··· MATERIAL PROVIDED

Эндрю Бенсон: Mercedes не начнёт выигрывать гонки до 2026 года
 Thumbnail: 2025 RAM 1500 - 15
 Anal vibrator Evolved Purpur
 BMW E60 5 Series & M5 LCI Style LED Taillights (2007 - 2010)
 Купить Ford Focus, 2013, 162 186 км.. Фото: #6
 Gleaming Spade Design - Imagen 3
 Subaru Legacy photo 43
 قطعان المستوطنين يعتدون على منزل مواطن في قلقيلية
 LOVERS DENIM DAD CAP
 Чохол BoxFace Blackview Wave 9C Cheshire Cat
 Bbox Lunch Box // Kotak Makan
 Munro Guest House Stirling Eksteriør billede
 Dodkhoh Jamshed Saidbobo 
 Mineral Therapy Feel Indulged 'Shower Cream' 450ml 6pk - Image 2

······

• WHAT IS REQUIRED:
Write the lines out again exactly, beginning at the line that contains "BMW E60 5 Series" and stopping only at the final line of the listing above.

• OUTPUT FOR THIS TASK:
 BMW E60 5 Series & M5 LCI Style LED Taillights (2007 - 2010)
 Купить Ford Focus, 2013, 162 186 км.. Фото: #6
 Gleaming Spade Design - Imagen 3
 Subaru Legacy photo 43
 قطعان المستوطنين يعتدون على منزل مواطن في قلقيلية
 LOVERS DENIM DAD CAP
 Чохол BoxFace Blackview Wave 9C Cheshire Cat
 Bbox Lunch Box // Kotak Makan
 Munro Guest House Stirling Eksteriør billede
 Dodkhoh Jamshed Saidbobo 
 Mineral Therapy Feel Indulged 'Shower Cream' 450ml 6pk - Image 2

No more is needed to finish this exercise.